General-purpose benchmarks
To ensure our domain specialization did not compromise general capabilities, we evaluated AstroSage-Llama-3.1-8B across a comprehensive suite of standard language model benchmarks. These include IF-EVAL25 (instruction following), BBH26 (binary hypothesis testing), MATH27 (mathematical reasoning), GPQA28(graduate-level science questions), MUSR29 (real-world decision-making scenarios), and MMLU-PRO30 (an expanded version of MMLU with more challenging reasoning questions). As shown in Fig. 4, our CPT+SFT model (green, initialized from the Llama-3.1 base model) initially performed below the Llama-3.1 instruct model (purple) on five out of the six non-astronomy benchmarks. This was expected, given that Meta’s proprietary SFT dataset for their instruct model likely far exceeds what is feasible for an academic research group to reproduce. The merging procedure, pulling in only 25% of its weight from Meta-Llama-3.1-8B-Instruct, allowed us to recover much of this performance deficit.

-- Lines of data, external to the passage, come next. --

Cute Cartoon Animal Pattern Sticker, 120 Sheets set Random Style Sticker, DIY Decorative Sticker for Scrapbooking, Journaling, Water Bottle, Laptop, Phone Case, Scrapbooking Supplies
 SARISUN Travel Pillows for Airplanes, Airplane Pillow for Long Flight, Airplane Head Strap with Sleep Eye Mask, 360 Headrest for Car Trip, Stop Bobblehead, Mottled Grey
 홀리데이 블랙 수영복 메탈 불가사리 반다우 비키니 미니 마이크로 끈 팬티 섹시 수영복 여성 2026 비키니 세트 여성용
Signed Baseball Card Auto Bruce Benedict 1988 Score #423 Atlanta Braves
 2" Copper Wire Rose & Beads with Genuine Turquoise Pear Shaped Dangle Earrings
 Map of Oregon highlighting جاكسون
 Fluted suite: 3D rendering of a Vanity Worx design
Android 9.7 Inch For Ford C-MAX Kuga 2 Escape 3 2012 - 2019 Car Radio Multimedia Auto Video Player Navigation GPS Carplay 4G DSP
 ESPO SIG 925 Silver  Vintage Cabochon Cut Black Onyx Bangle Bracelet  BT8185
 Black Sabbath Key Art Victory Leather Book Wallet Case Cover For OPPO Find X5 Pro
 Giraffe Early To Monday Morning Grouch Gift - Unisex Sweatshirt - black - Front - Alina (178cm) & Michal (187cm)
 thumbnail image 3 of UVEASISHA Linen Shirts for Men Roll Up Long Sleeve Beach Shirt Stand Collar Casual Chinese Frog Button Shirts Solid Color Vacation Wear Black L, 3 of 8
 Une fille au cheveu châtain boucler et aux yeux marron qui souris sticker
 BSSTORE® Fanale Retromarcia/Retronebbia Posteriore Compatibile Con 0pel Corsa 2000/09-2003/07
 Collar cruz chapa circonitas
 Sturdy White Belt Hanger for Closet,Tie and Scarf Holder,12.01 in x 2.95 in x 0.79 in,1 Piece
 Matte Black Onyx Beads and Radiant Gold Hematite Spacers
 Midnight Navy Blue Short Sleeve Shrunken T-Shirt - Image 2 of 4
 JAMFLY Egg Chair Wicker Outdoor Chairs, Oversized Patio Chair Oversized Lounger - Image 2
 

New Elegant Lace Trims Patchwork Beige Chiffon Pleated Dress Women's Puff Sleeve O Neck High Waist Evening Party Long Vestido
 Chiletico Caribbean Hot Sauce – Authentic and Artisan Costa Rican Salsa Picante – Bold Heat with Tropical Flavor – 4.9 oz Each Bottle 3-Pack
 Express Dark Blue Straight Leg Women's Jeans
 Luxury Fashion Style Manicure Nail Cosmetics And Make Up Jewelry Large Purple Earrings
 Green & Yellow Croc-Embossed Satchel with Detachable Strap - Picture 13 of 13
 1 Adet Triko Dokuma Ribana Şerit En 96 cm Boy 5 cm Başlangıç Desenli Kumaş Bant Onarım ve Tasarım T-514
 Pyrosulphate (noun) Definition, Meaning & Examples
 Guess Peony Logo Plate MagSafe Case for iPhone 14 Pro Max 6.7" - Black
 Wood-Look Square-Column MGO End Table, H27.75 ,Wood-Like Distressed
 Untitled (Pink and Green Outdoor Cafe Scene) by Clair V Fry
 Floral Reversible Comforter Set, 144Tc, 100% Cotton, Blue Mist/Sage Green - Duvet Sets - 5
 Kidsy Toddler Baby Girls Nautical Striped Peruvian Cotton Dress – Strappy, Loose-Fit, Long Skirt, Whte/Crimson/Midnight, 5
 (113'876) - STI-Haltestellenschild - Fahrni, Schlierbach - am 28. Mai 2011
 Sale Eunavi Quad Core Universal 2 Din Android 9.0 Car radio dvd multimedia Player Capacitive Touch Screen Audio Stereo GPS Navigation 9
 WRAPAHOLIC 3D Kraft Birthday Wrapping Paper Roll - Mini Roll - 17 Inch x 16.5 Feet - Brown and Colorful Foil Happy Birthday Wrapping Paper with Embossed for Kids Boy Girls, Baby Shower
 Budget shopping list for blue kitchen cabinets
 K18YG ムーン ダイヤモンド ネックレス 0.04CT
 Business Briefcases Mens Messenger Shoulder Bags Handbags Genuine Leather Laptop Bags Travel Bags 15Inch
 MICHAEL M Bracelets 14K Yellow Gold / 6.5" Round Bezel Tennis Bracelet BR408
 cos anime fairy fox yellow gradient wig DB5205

Crucially, this performance recovery through model merging did not compromise AstroSage-Llama-3.1-8B’s astronomical expertise-it maintained its 8-point improvement (representing more than 100-fold increase in cost-effectiveness) on astronomical Q & A tasks while largely preserving capabilities across most general benchmarks. The only notable performance decrease occurred in IF-EVAL, which tests instruction following. This limited decline is unsurprising, as instruction following remains one of the more brittle capabilities in language models and likely heavily depends on the proprietary training data used in Meta’s instruct model. In fact, when comparing AstroSage-Llama-3.1-8B to BAAI/Infinity-Instruct-7M-Gen-LLaMA3 1-8B, the latter shows an even more severe performance deficit, highlighting how our refined training strategy and expanded SFT dataset represent crucial improvements. Ultimately, our model merging approach successfully preserved most general capabilities without sacrificing the gained astronomical expertise. This balance is essential, as it enables AstroSage-Llama-3.1-8B to engage in natural conversations and assist with broader tasks while excelling in astronomy-specific applications.
Human blind rankings
Simultaneously with8, we performed a blinded preference ranking of AstroSage-Llama-3.1-8B against Meta-Llama-3.1-8B-Instruct. Fifteen questions were written about diverse areas of cosmology, spanning layperson to professional-level difficulty. Independent evaluators compared responses from AstroSage-Llama-3.1-8B and Meta-Llama-3.1-8B-Instruct, with both models receiving identical system prompts tailored to the cosmology context.
Responses were presented in randomized order to the evaluators, who rated their quality without knowledge of the source. The evaluation involved three evaluators, who preferred the AstroSage-Llama-3.1-8B answers in 73% of cases, reflecting a statistically significant preference for AstroSage-Llama-3.1-8B.